## Work instructions
Return every line of the data below exactly, but do not include the images.

## Collected data
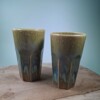 2 keramiek koffiebekers Yellow Large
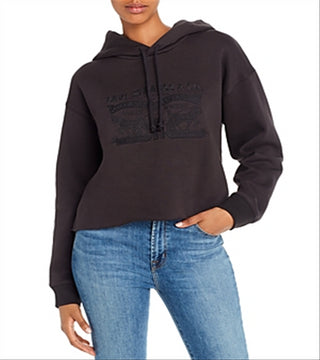 Levi's Two Horse Raw Cut Hem Hoodie Brown Size S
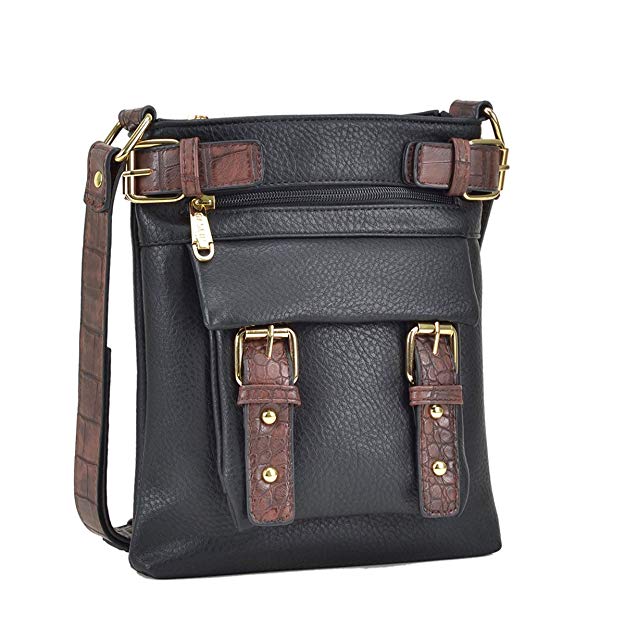 Dasein Top Belted Crossbody Bags for Women Soft Leather Messenger Bag Shoulder Bag Travel Purse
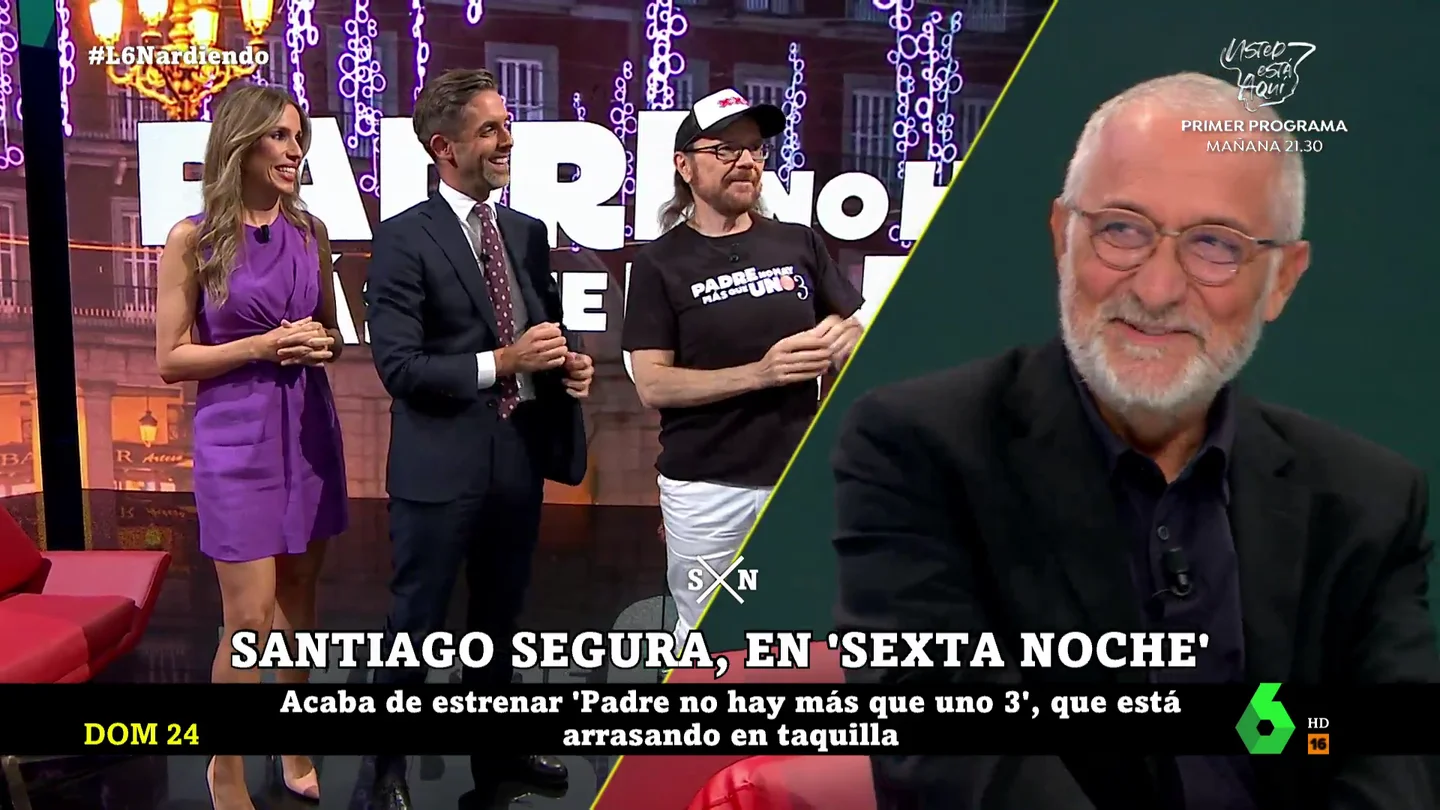 Santiago Segura revela que pensó en Xavier Sardà para el papel de abuelo en 'Padre no hay más que uno 3' Santiago Segura revela que pensó en Xavier Sardà para el papel de abuelo en 'Padre no hay más que uno 3'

## Response
 2 keramiek koffiebekers Yellow Large
 Levi's Two Horse Raw Cut Hem Hoodie Brown Size S
 Dasein Top Belted Crossbody Bags for Women Soft Leather Messenger Bag Shoulder Bag Travel Purse
 Santiago Segura revela que pensó en Xavier Sardà para el papel de abuelo en 'Padre no hay más que uno 3' Santiago Segura revela que pensó en Xavier Sardà para el papel de abuelo en 'Padre no hay más que uno 3'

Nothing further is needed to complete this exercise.